Mariupol ist nur 35 Meilen von der russischen Grenze entfernt, und seine Bewohner reisten einst regelmäßig dorthin. Im Jahr 2014 sahen die Menschen in Mariupol die Maidan-Proteste, die den Moskau-freundlichen Präsidenten des Landes verdrängten, und fühlten sich unwohl, sagte Frau Levinchuk.

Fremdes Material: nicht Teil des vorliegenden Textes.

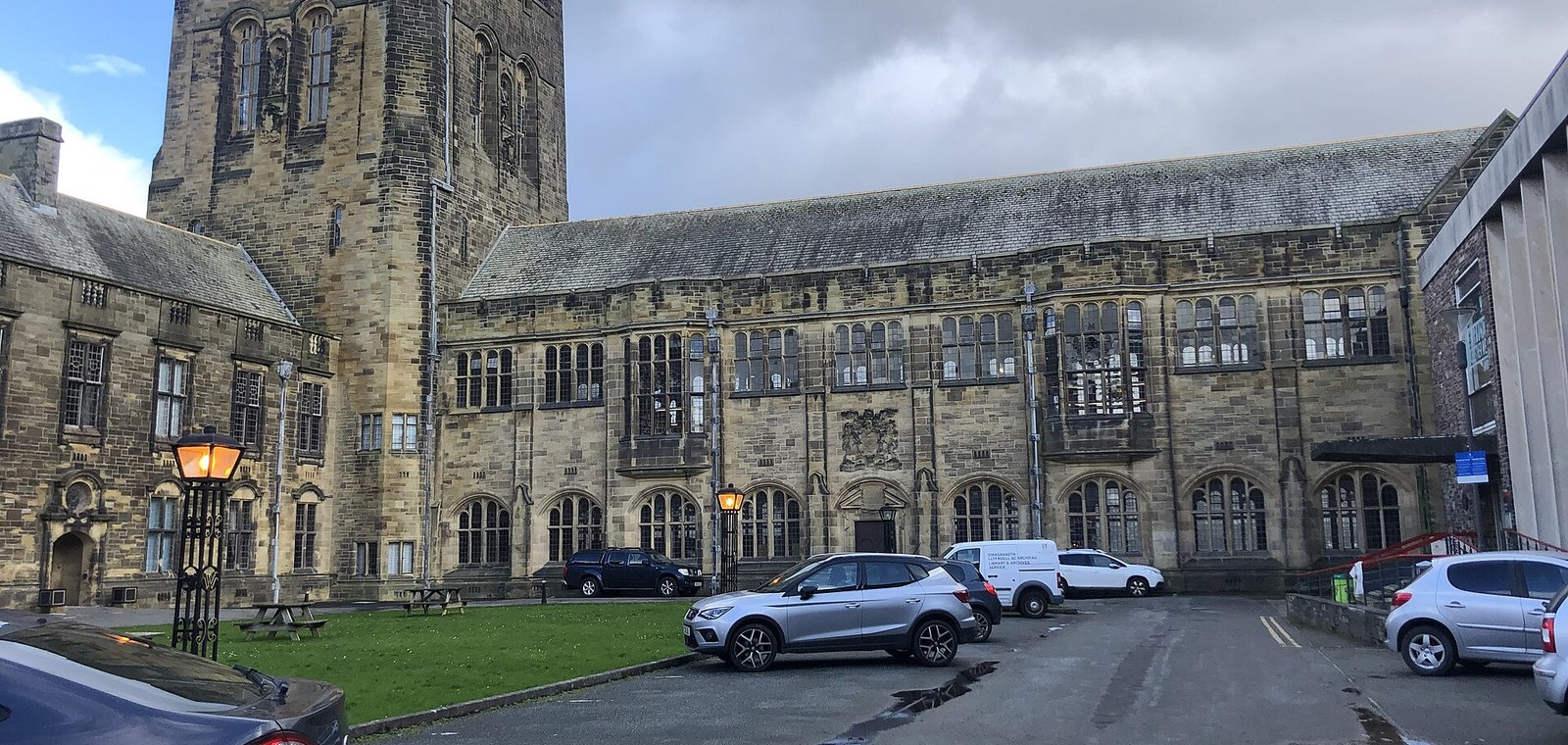 Bangor University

Wir wollten nicht nach Europa gehen, weil wir uns wie ein Teil Russlands fühlten, wir standen uns wirklich nahe“, sagte sie, „wie Bruder und Schwester.“

Doch das begann sich zu ändern, als 2014 ein Krieg zwischen von Russland unterstützten Separatisten und Kiew ausbrach. Während dieses Konflikts hielten die Separatisten Mariupol einen Monat lang fest, bevor die ukrainische Regierung es zurückeroberte. Diese Erfahrung und zu sehen, was in den nahe gelegenen separatistischen Enklaven und in Russland in den vergangenen Jahren geschah, brachte die Einwohner der Stadt gegen Moskau, sagte Frau Levinchuk.

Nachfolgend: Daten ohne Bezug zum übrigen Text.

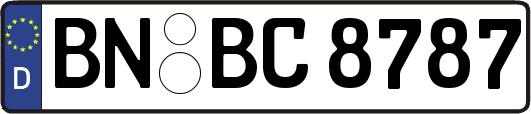 BN-BC8787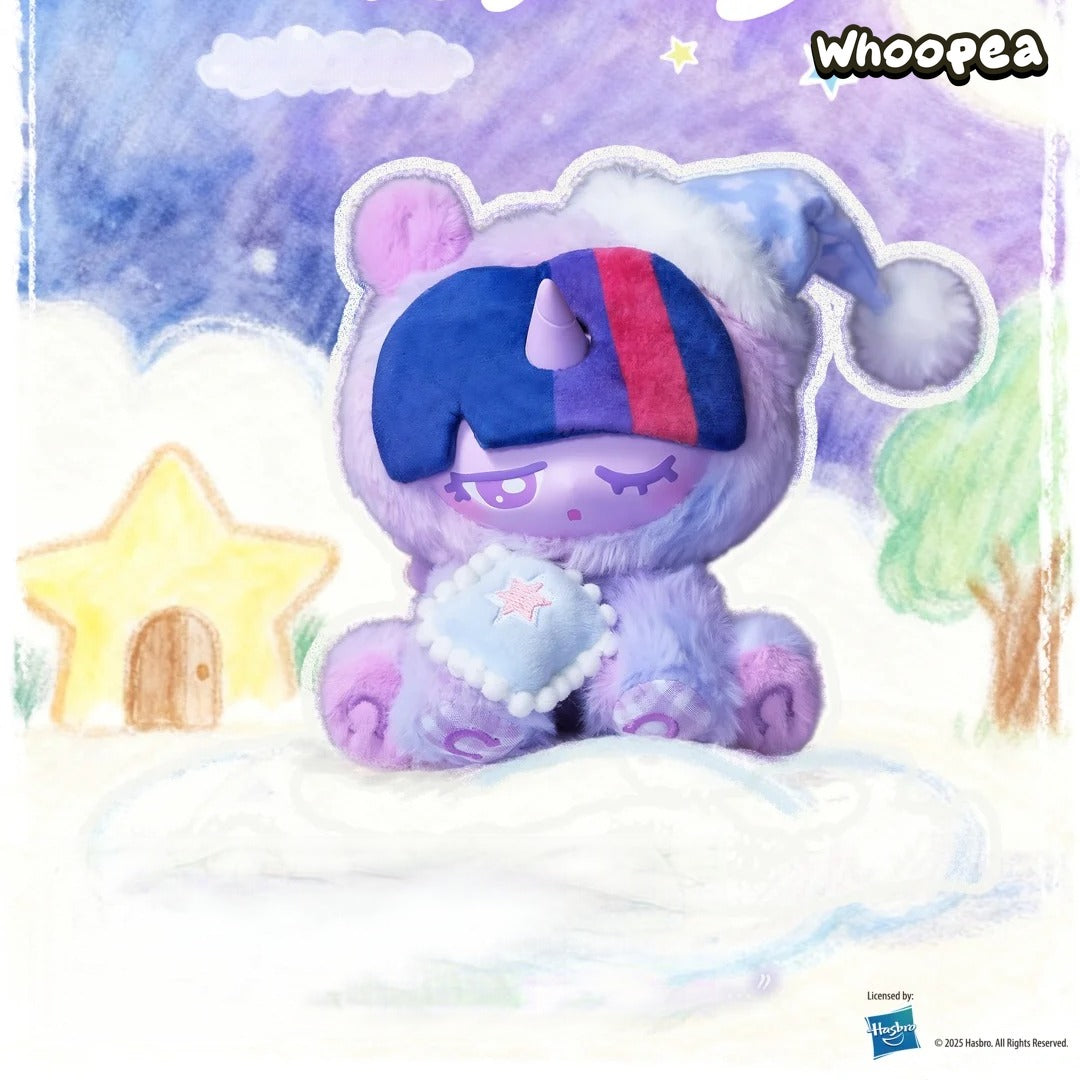 My Little Pony Good Night And Sweet Dreams Series Plush Blind Box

„In diesen acht Jahren hat sich alles geändert, denn jetzt will niemand mehr nach Russland“, sagte sie. „Wir fühlen uns wie Ukrainer.“

So wie sich die Beziehung zwischen Mariupol und Russland verschlechtert hat, hat sich auch die Beziehung von Frau Levinchuk zu ihrem Bruder Misha, 47, verschlechtert, der 2014 nach Russland gezogen ist, um dem Krieg zu entkommen. Jetzt hat er aufgrund eines Informationsausfalls in Russland keine Ahnung, was mit ihrer Geburtsstadt passiert – was Frau Levinchuk zu einer von vielen Ukrainern macht, deren russische Verwandte auf die Nachricht von der Brutalität der Invasion mit Leugnen reagiert haben.

„Er ruft mich an und ich bin ziemlich überrascht, weil er mir erzählt, dass Russland versucht hat, die Menschen frei zu machen“, sagte sie.

„Misha, unsere Mutter stirbt ohne Wasser, ohne Wärme, sie hat nichts“, antwortete sie. „Und Sie haben mir erzählt, dass Russland versucht, die Ukraine zu befreien?

Sie haben unsere Mutter von Strom, Heizung, Nahrung und Wasser befreit“, sagte sie und unterdrückte die Tränen. „Und wahrscheinlich werden sie uns auch von ihrem Leben befreien.“

Markus Santora steuerte eine Berichterstattung aus Lemberg, Ukraine bei.